Она сидела в окошке, на подоконнике. Может быть, на луну глядела, встававшую над сараями, за галереей: на полу отражались стекла. Было свежо, и она куталась в шерстяную шаль.
Я спустился по черной лестнице и прошел к воротам. Гришка не дежурил.

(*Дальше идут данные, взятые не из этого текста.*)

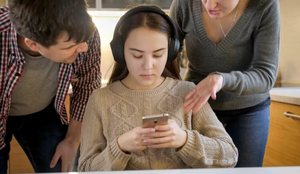 Studimi: Adoleshentët shqiptarë ushqehen mirë, por 75% kanë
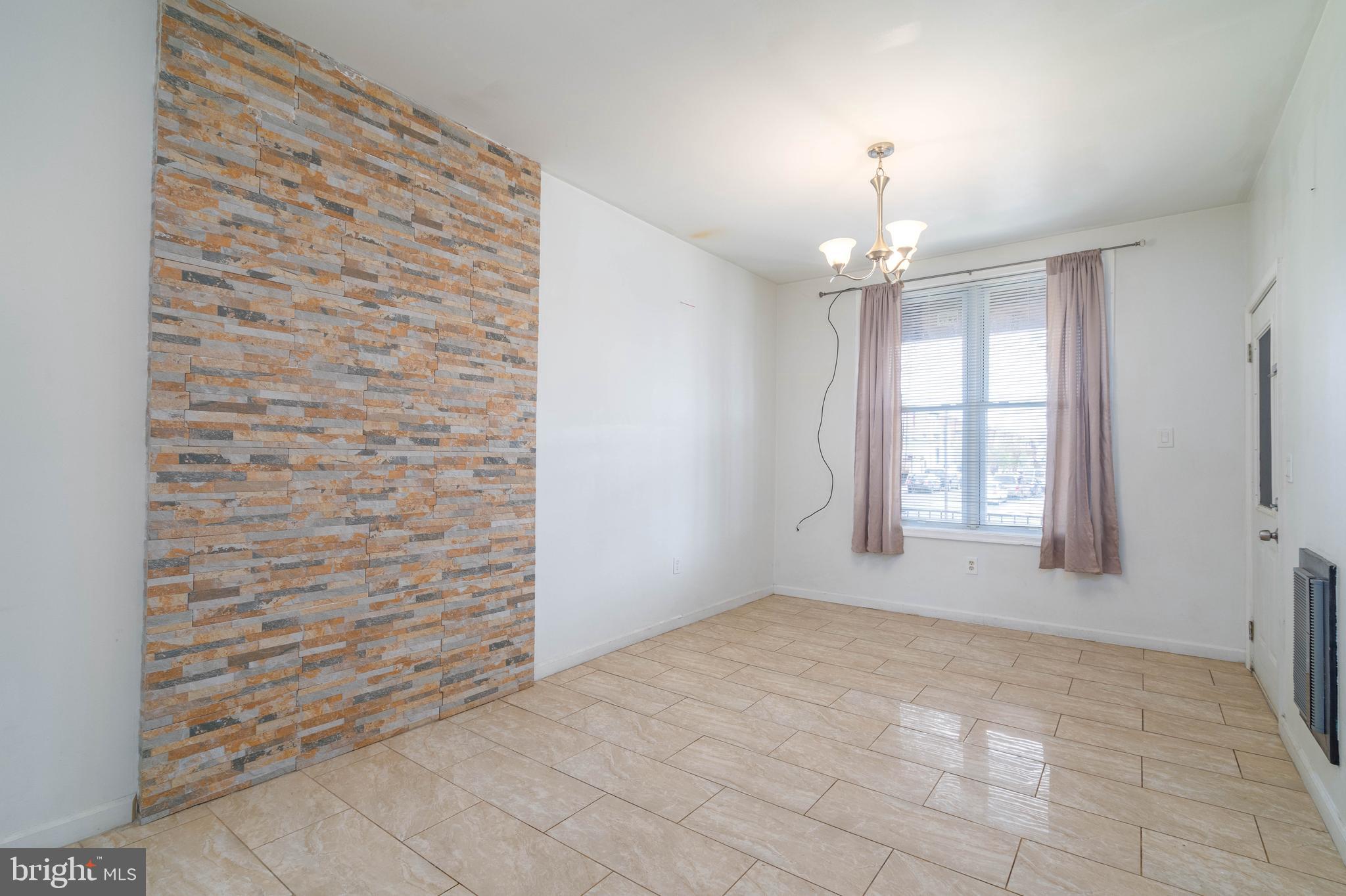 725 W ALLEGHENY AVE #1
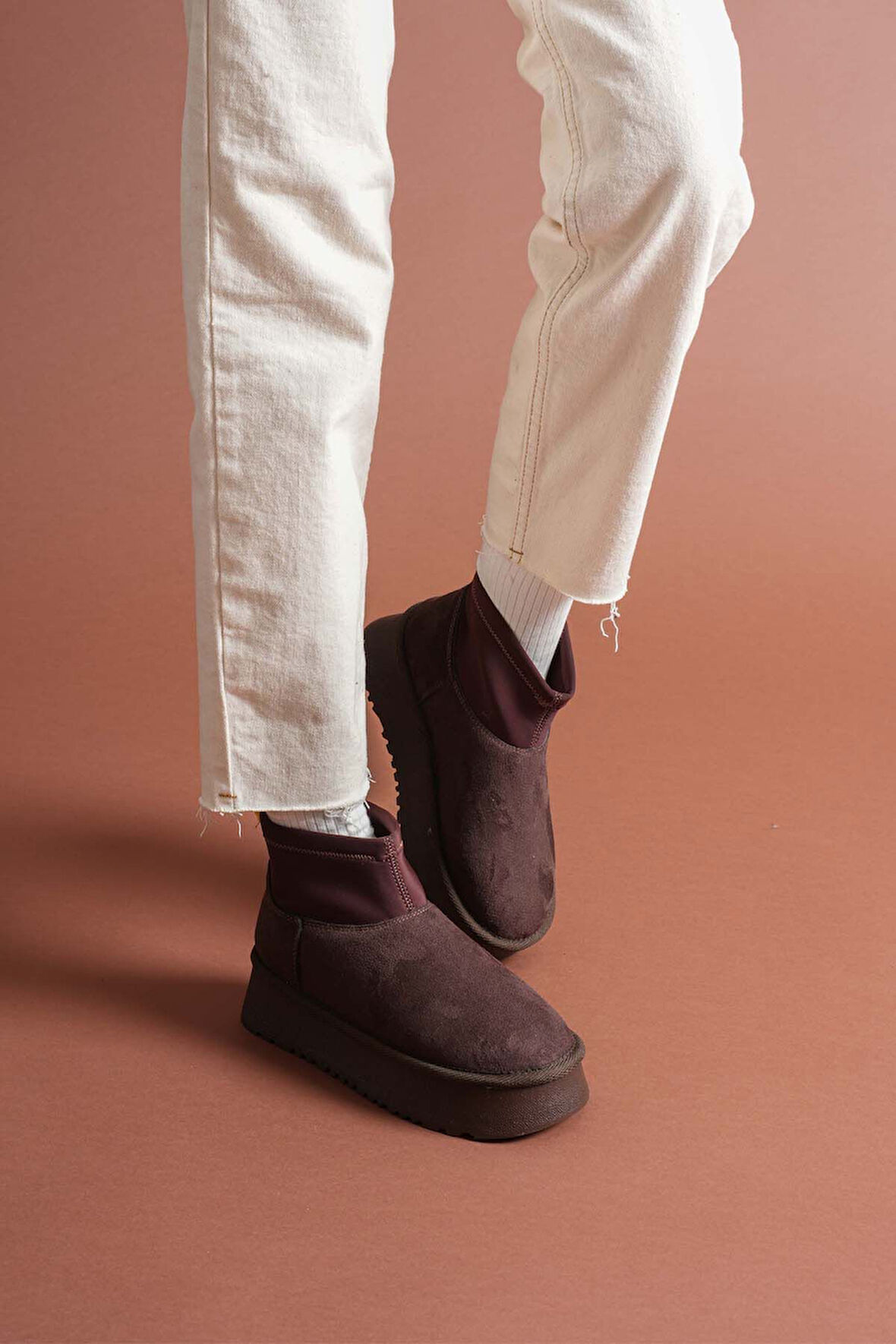 İçi Kürklü Boğazı Streçli Bot Süet Kahverengi Topuk Boyu 4 Cm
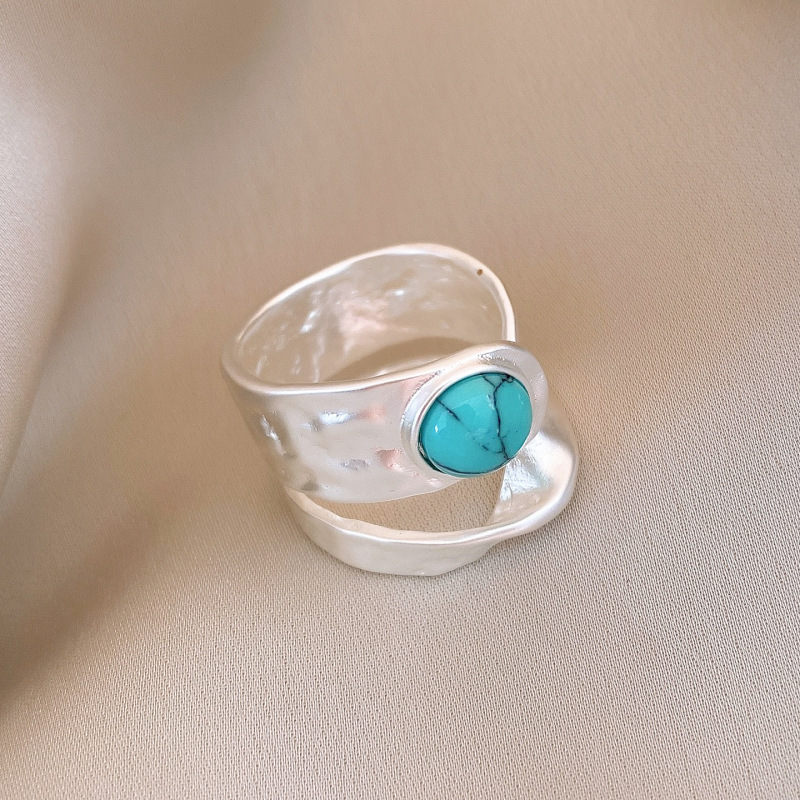 Anillo de apertura geométrica de onda hueca de metal plateado, anillo de diseño de tendencia, joyería de sentido avanzado simple transfronterizo, mujer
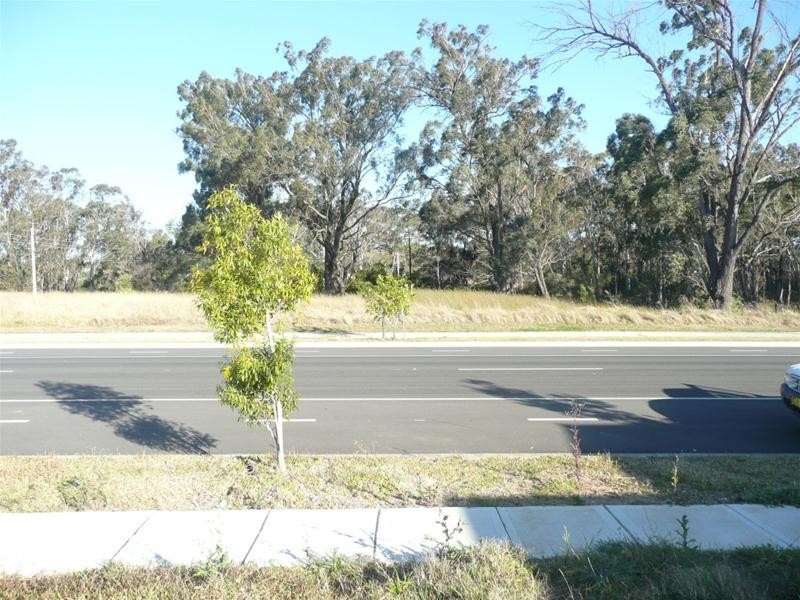 50 Hampshire Boulevard, Spring Farm NSW 2570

На той стороне пастухов дворник дремал на лавочке. Я прошелся по спящей улице. Прыскали в подворотни кошки. Выла у пастуха собака, но кто-то цыкнул – и стало ти-хо – Да так тихо, что дошло из Кремля, со Спасской: пробили часы – двенадцать. У Постойко еще светилось.
Я сунул под дверь записку, позвонился тихо и перешел на другую сторону. Парадное открылось и закрылось. Лампа в окне погасла. Опять завыла у пастуха собака. Проехал пустой извозчик, дремал в колени. Луна поднималась из-за дома, совсем косая. Пахло чудесно тополями и березой. Стало как будто парить, сходились тучки.
Паша еще сидела. Теперь окошко было совсем открыто.
– Нагулялись… – сказала Паша.
– Так, прошелся…
Я уже прошел мимо.
– Тоничка… – позвала она. Я приостановился.
– Что вы на меня сердитесь?
– Ничего не сержусь… напротив! Выдумала чего-то… сердитесь! – сказал я бодро, а в сердце укололо. – Не на что мне сердиться!
Мне стало ее жалко. Я присел к ней на подоконник и только теперь заметил, что она в новой кофточке.
– Вот, хорошо… кофточку ты надела, а то такая была грязнуха… Надо всегда одеваться чисто! – ласковей сказал я, придумывая, что бы еще сказать.
– Чистенькой-то, известно, лучше! – сказала она грустно. – И франтила б, да нет франтилов… Чистеньких-то и любят! Уличные-то вон, все чисто ходят…
– Конечно. Но надо и еще… образование, и красоту…
– Хорошенькая да приоденется если… всякому с такой лестно! – сказала она живо. – Не любите вы меня, Тоничка…
И она прижалась ко мне плечом.
– Во-первых, ничего подобного! Но… эти ужасные экзамены, расстраивают нервы, а я все время только и думаю…
Она положила голову на плечо ко мне. Я ее потрепал по щечке. Она вывернула лицо и заглянула в мои глаза.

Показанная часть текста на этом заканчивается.